Wednesday, December 15, 2010

Woman's Hour : taking a great photograph !?

Can you learn how to take a great photo … how to pose someone!

AJ - looking for the book she came to write; could not find it so choose some photographers she liked to feature 

Anna - from fine art background likes Thomas Demand

can art be taught? good question! can't really teach someone to take a good photograph but can help student to become aware of what a good photograph is and the various ways it can be done

need for gut reaction

AJ - litle stories, odd photos; subject sometimes comes up with best idea of way to photograph !!

need for technical efficiency?! varies from photographer to photographer .. need for for some technical knowledge as per one's approach … pinhole!! … 

does a photographer need a philosophy? what is that extra quality how one sees the world .. who you are that creates the pictures!

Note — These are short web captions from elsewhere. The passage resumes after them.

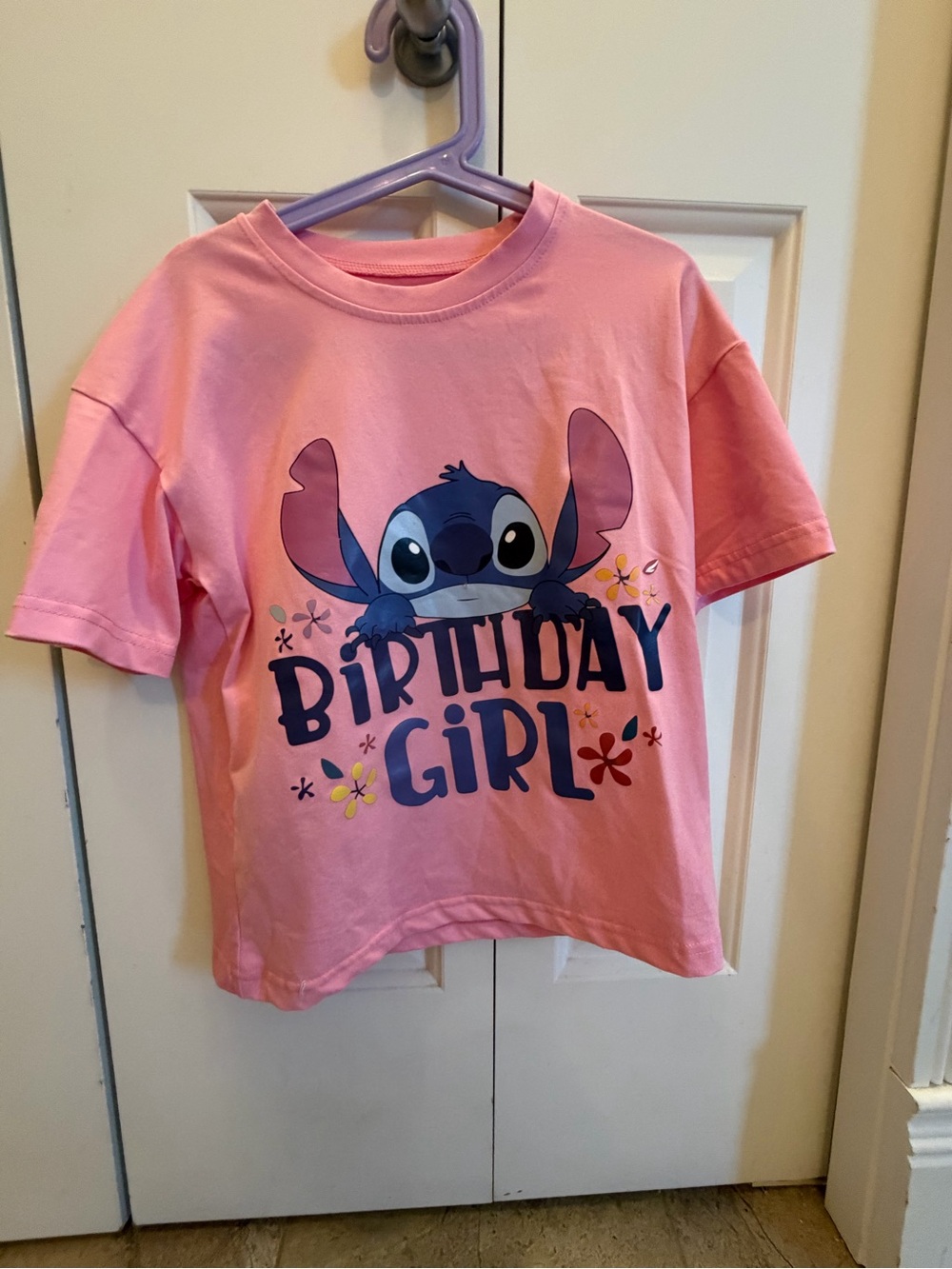 Pink "Birthday Girl" Stitch Graphic Tee for Kids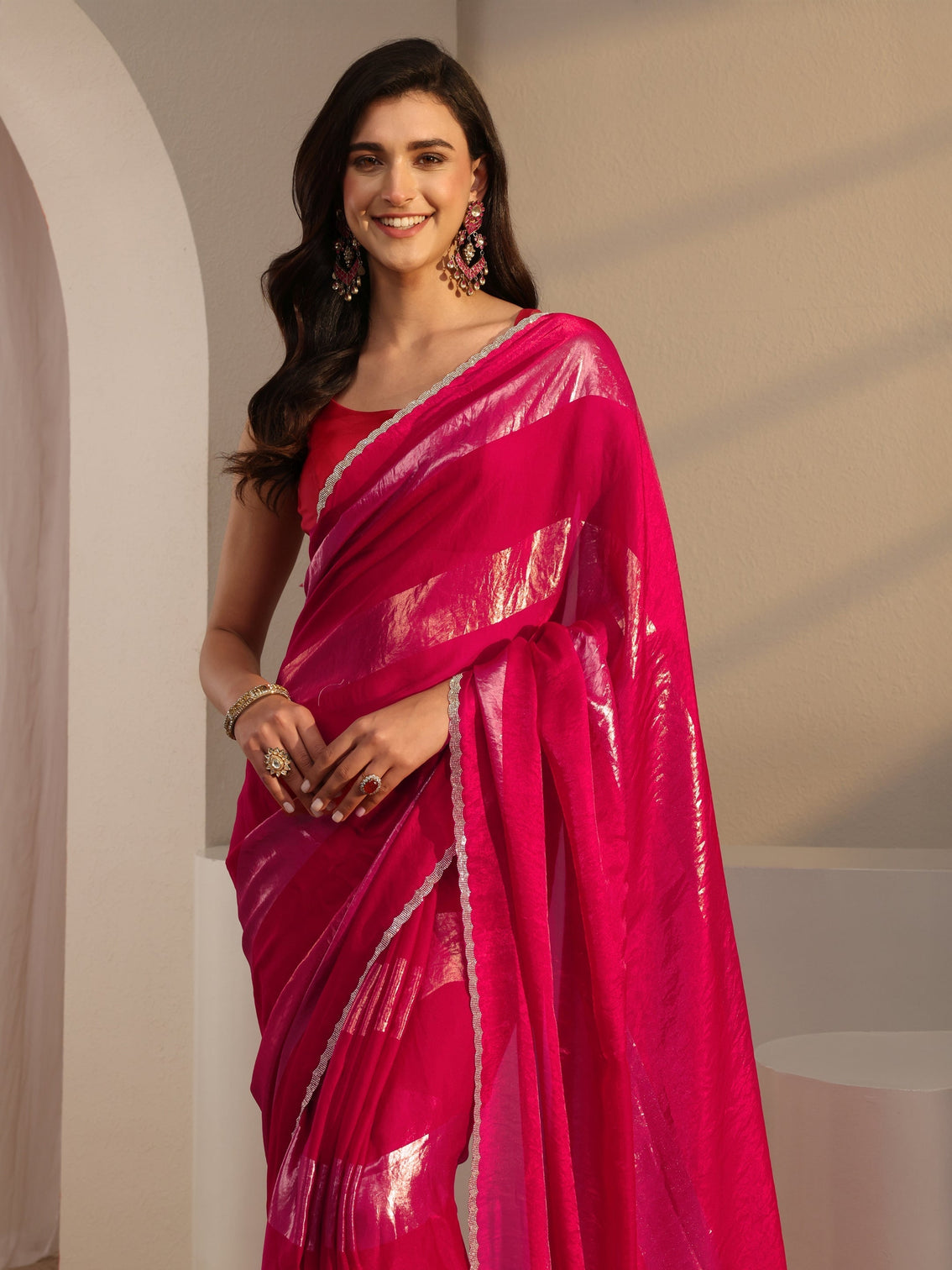 Mameraa Pink Striped Embellished Tissue Saree With Unstitched Blouse Piece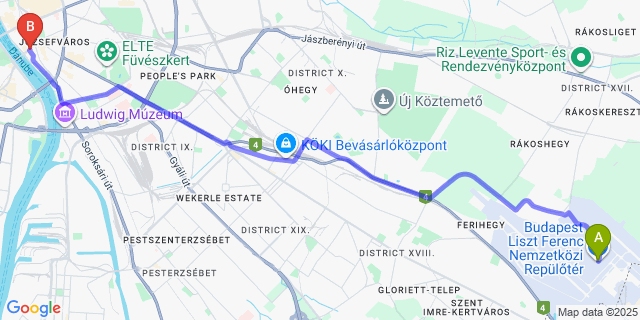 Map: Budapest Airport (BUD), Ferihegy, Liszt Ferenc to Central Market Hall Zen Hostel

advice to amateur .. experiment do not worry too much about the technicalities! 

catching people off guard

comment on choice of Photography Books by the OCA December 2010

Gareth
I am intrigued by your choice of book partly because I attended the Tate Modern seminar on the representation of violence that followed in the wake of the EXPOSED exhibition. Is Sontag really saying that we have become inured to photographs of suffering? In her book, In Regarding the Pain of Others, she actually writes … “our capacity to respond to our experiences with emotional freshness and ethical pertinence is being sapped by the relentless diffusion of vulgar and appalling images – might be called the conservative critique of the diffusion of such images. I call this argument conservative because it is the sense of reality that is eroded. There is still a reality that exists independent of the attempts to weaken its’ authority.” (p.97 Penguin Edition 2004) which I consider is a vital statement of her outlook. Elsewhere, she admits that “There are hundreds of millions of television watchers who are far from inured to what they see on television. They do not have the luxury of patronising reality.” (page 99).
Sontag is however tends to be regarded as gospel and I do not think she is; her statements are rather sweeping!
Jose
What a wonderful book you have come across! such books are a bit of a luxury and although Amazon offer it at a reasonable price, it is a matter of whether I’ll have room for it. Maybe … these days I am my own Santa so its’ possible! The Antarctic may not be there much longer so these are poignant landscapes.
As for my own choice, it is rather personal. The Indians by Raghu Rai does not seem to be available through Amazon and the cost in Delhi of £80 seemed too exorbitant. Nevertheless, I was shown a copy. It starts with a collection of Rai’s old portrait photographs, images from a bygone era when Britain ran the country; these show something of an India that is no more. This is followed by Raghu’s own photographs and features portraits of famous Indians such as Mother Teresa (actually a European) and Indira Gandhi as well as some of the great musicians (Hariprasad Chaurasia for instance). My favourite portrait is that of Jiddu Krsnamurti, a teacher who is still recognised worldwide; he is portrayed in a triptych that suggests both agony and ecstasy. The one that made me laugh is of Moraji Desai, a former prime minister who seems to be glaring defiantly down Rai’s lens; Desai was also famous for drinking his own urine, a nature cure!
I would also like to mention Michael Freeman’s Photographer’s Mind. What I like about his books is the way they bridge the gap between critic and photographer.

Tuesday, November 2, 2010

THE DEBATE: Photography is a lesser medium than paint

Phillips de Pury is an auctioneer's establishment a short walk from Victoria station. The debate on november 1'st 2010 at which about 300 people were present took place in a hall while other smaller adjoining rooms showed a collection of framed photographs, hung on the walls, awaiting auction the following week. There were many by David Bailey yet the one that interested me most was number 2 of a 25 print collection by a deceased photographer called Ian MacMillan who made the famous image of the Beatles walking across a zebra crossing in St.John's Wood that was the cover of their Abbey Road album. It was estimated as having a value of between 3 and 4,00 GBP yet would probably go for more.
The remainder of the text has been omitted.